TASK STATEMENT: Where an image appears, leave it out; otherwise repeat the data exactly.

INFORMATION SHOWN:
☆ ☆ ☆ ☆
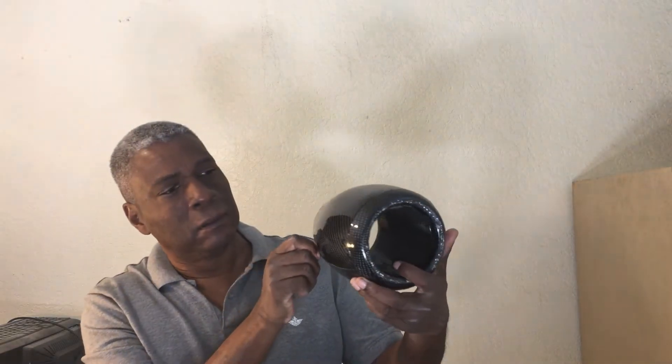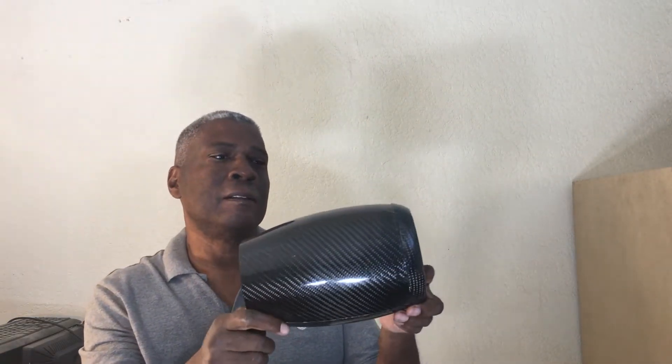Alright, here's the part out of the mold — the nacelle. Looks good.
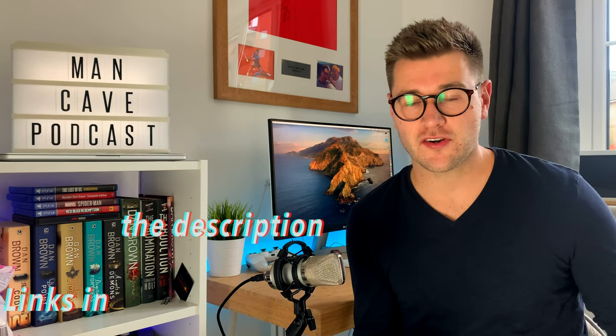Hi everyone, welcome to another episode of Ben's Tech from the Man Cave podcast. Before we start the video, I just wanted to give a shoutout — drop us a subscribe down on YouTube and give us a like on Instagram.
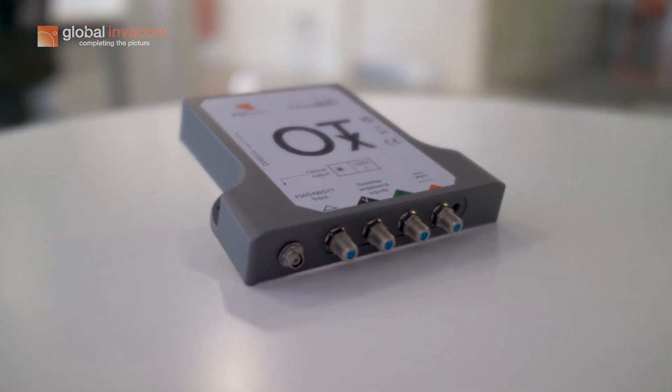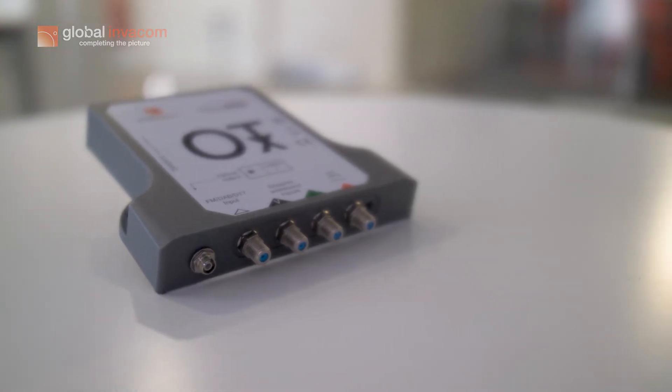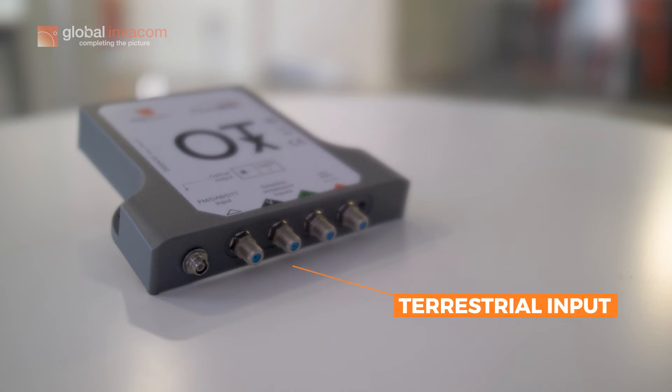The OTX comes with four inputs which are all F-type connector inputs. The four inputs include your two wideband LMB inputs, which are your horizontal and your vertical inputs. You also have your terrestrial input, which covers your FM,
☆ ☆ ☆ ☆
ANSWER SECTION:
Alright, here's the part out of the mold — the nacelle. Looks good.
Hi everyone, welcome to another episode of Ben's Tech from the Man Cave podcast. Before we start the video, I just wanted to give a shoutout — drop us a subscribe down on YouTube and give us a like on Instagram.
The OTX comes with four inputs which are all F-type connector inputs. The four inputs include your two wideband LMB inputs, which are your horizontal and your vertical inputs. You also have your terrestrial input, which covers your FM,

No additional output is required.